- Decades:: 2000s; 2010s; 2020s;
- See also:: Other events of 2026 List of years in Albania

= 2026 in Albania =

Events in the year 2026 in Albania.

== Incumbents ==

- President: Bajram Begaj
- Prime Minister: Edi Rama
- Deputy Prime Minister: Belinda Balluku (until February 26) Albana Koçiu (from February 26)

==Events==

=== January ===

- January 8 – One person is killed while and thousands are affected in Durrës County after floods caused by heavy rainfall.
- January 12 – The Academy of Sciences of Albania publishes online an updated version of the Great Albanian Dictionary, including over 125.000 words, with a considerable upgrade from the versions of 1980 and 2002. The dictionary contains detailed definitions, usages, stylistic notes and terminology from various fields of knowledge.

=== February ===

- February 3 – Twenty people are arrested as part of an investigation into the trafficking of hazardous waste from Elbasan to Thailand in 2024.
- February 6 to 22 February – Albania at the 2026 Winter Olympics
- February 10 – Clashes between police and supporters of opposition leader Sali Berisha in Tirana result in 16 police officers injured and 13 arrests.
- February 20 – At least 30 people are arrested during anti-government protests in Tirana.

=== March ===

- 11 March – The constitutional court rules that the government's ban on TikTok violated constitutional protections for freedom of expression and press freedom, after authorities blocked the service in 2025 following a fatal stabbing linked to a dispute on the platform.

=== April ===

- 10 April – President Begaj issues a decree granting Albanian citizenship to former New York City mayor Eric Adams.

=== May ===
- 16 May – Albania in the Eurovision Song Contest 2026

=== June ===
- 2 June – Thousands of people gather in Tirana to protest against a development planned by Jared Kushner on the Adriatic coast that would intrude on environmentally protected areas of the Vjosa-Narta regions.
- 16 June – Archaeologists from the University of Warsaw and the University of Tirana discover the remains of a large Hellenistic temple in Bushat.

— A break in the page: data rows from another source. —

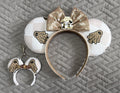 Ghostly Glamor Pixie Pair featuring a handcrafted neutral Halloween mouse ear headband and matching Mini Magic Charm with ghost-inspired details, champagne accents and pearl trim.
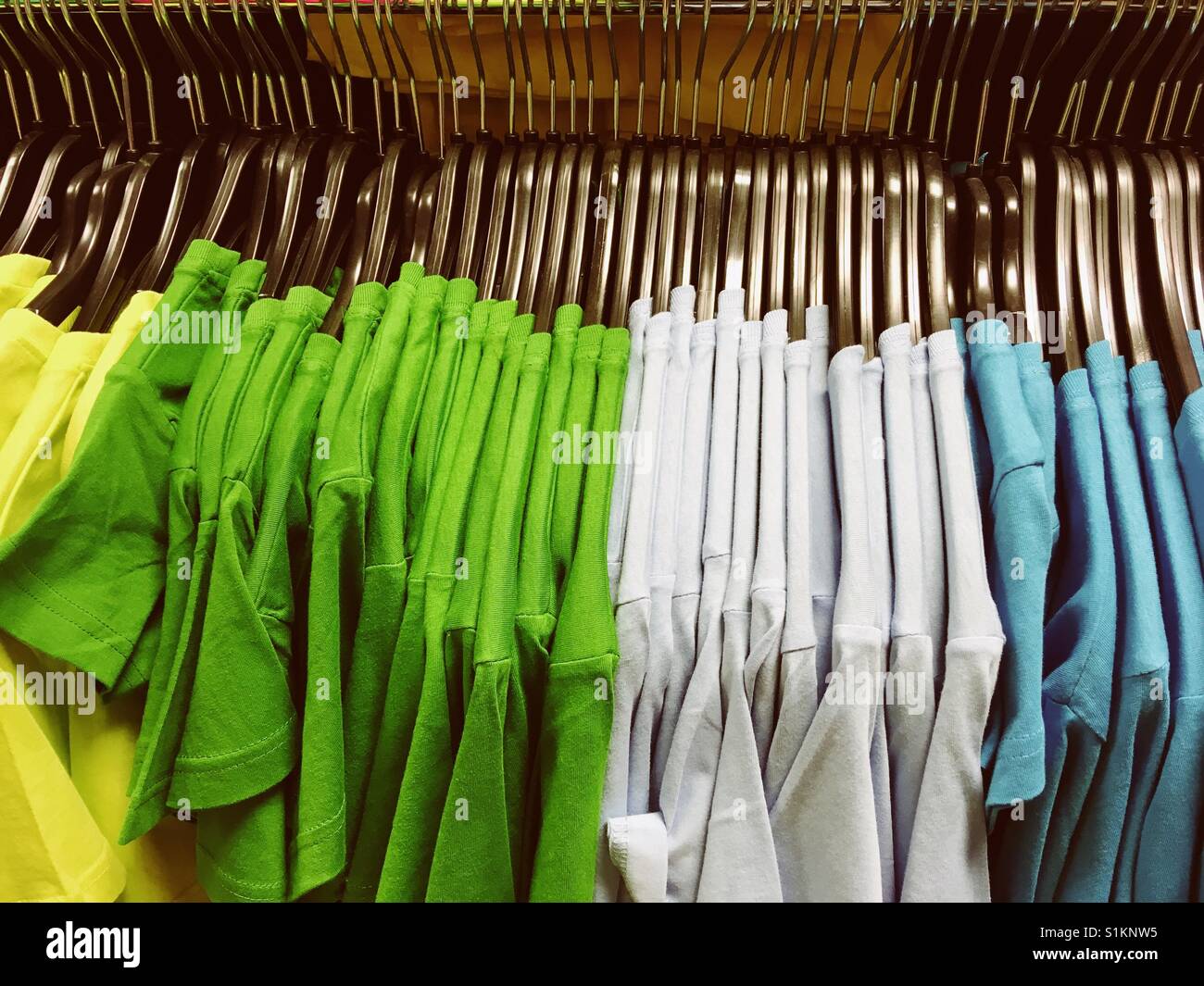 Colourful t-Shirts on clothes hangers Stock Photo
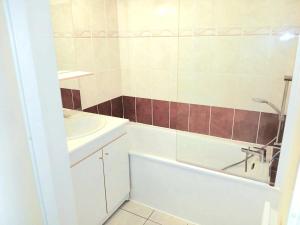 a bathroom with a sink and a bath tub and a sink at F2 plein sud proche plage du débarquement in Port-en-Bessin-Huppain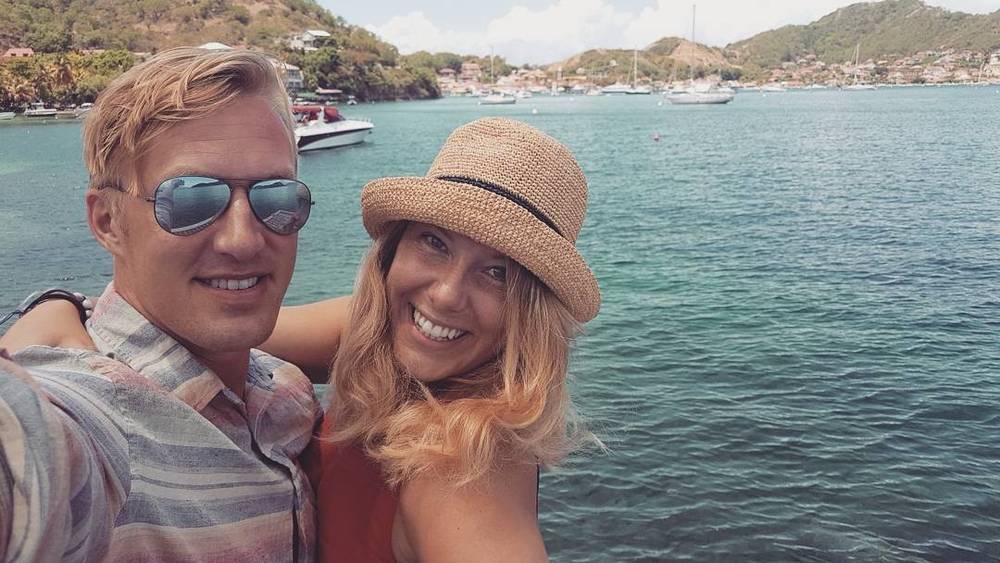 A couple taking a selfie on a boat with a bay and hills behind them.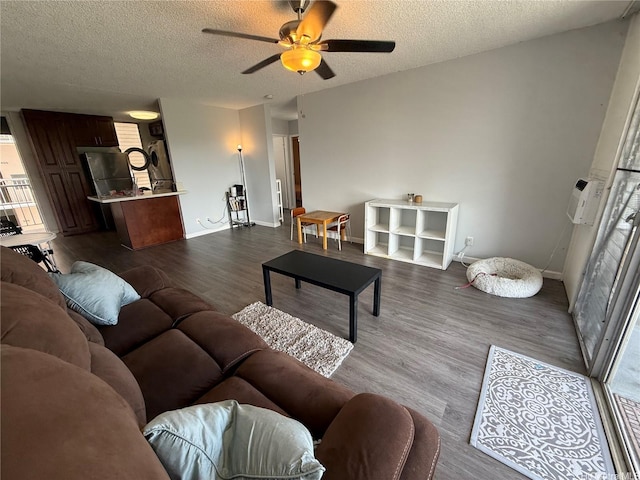 95-020 Waihonu St Unit C402, Mililani, HI 96789 - living room with baseboards, a ceiling fan, dark wood-style flooring, and a textured ceiling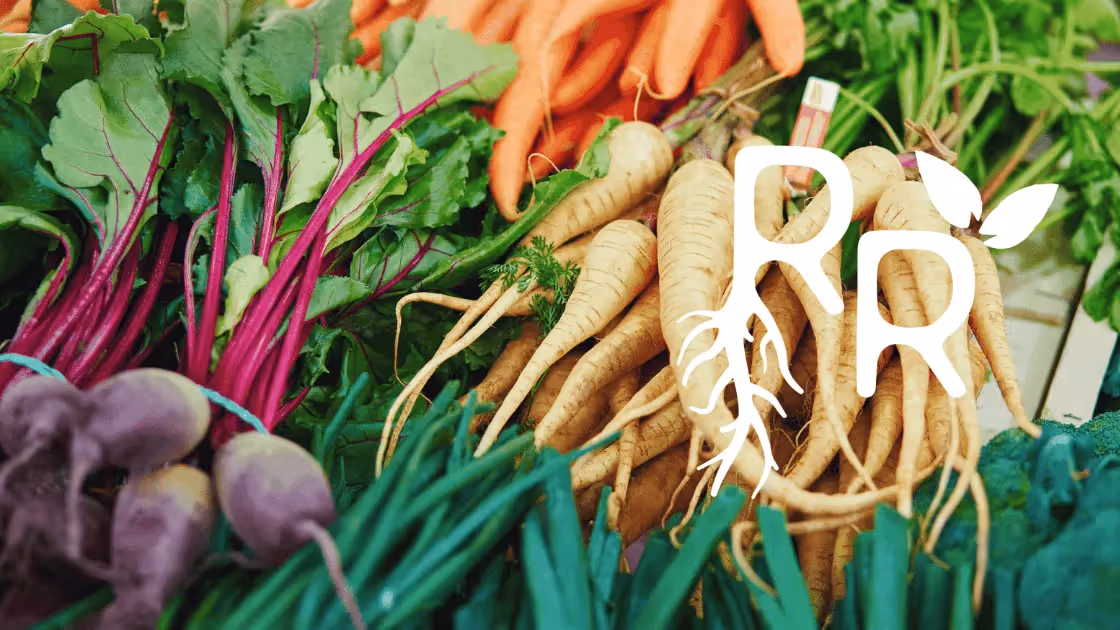 Farm fresh produce such as beets and carrots with region roots food hub logo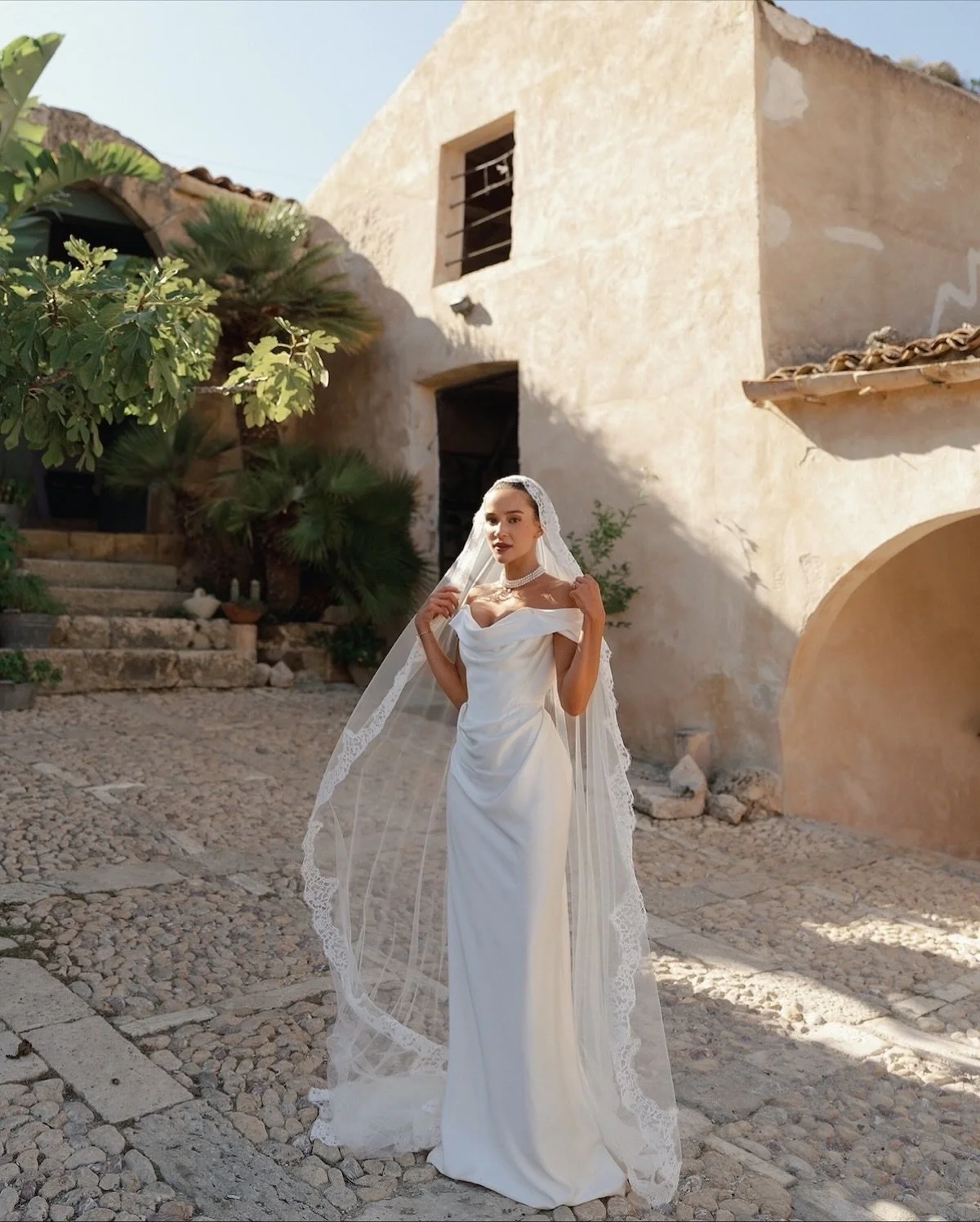 REAL BRIDE | Katia @katiaerokhin got married to Danny wearing the Nova Cora gown by @viviennewestwood. 

@tonnaradiscopello became the setting for a cinematic wedding where rustic Italian charm met modern elegance. Once a 13th-century tuna factory, i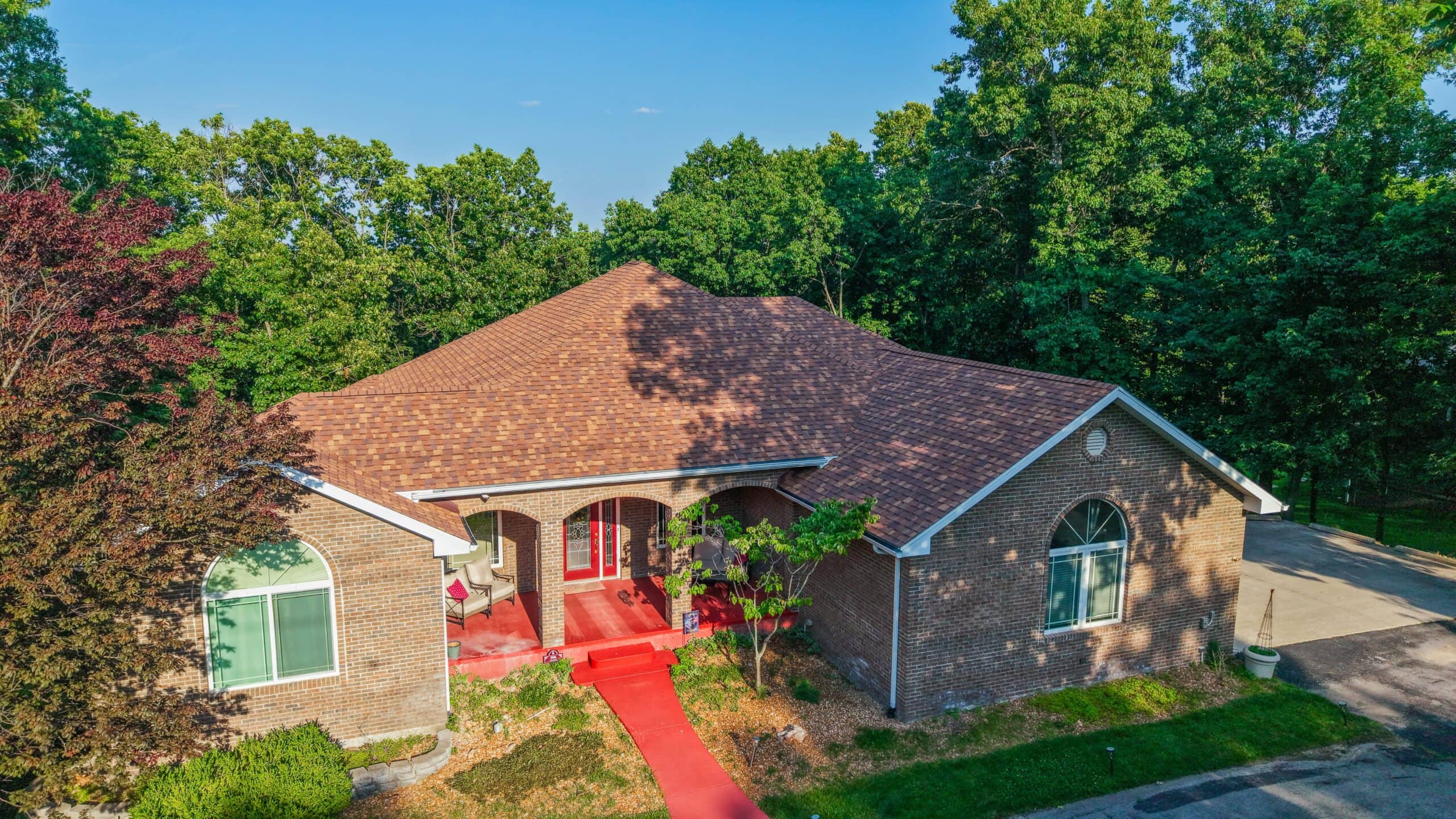A beautiful residential home with a new roofing system by Midwest Roofing.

==Arts and entertainment==
- List of Albanian submissions for the Academy Award for Best International Feature Film
- Tirana International Film Festival

==Holidays==

Source:

- 1–2 January – New Year holidays
- 14 March – Day of summer
- 22 March – Nowruz Day
- 30 March – Eid al-Fitr
- 5 April – Catholic Easter Sunday
- 12 April – Orthodox Easter
- 1 May – Labour Day
- 6 June –The Day of Kurban Bayram
- 5 September – Saint Teresa's Consecration Day -
- 28 November – Flag and Independence Day
- 29 November – Liberation Day
- 8 December – National Youth Day
- 25 December – Christmas Day

== Deaths ==

- 31 January – Fitim Makashi, 81, actor (The Death of the Horse, Rrugicat që kërkonin diell, Nga mesi i errësirës).
- 5 May – Servet Pëllumbi, 89, speaker of parliament (2002–2005).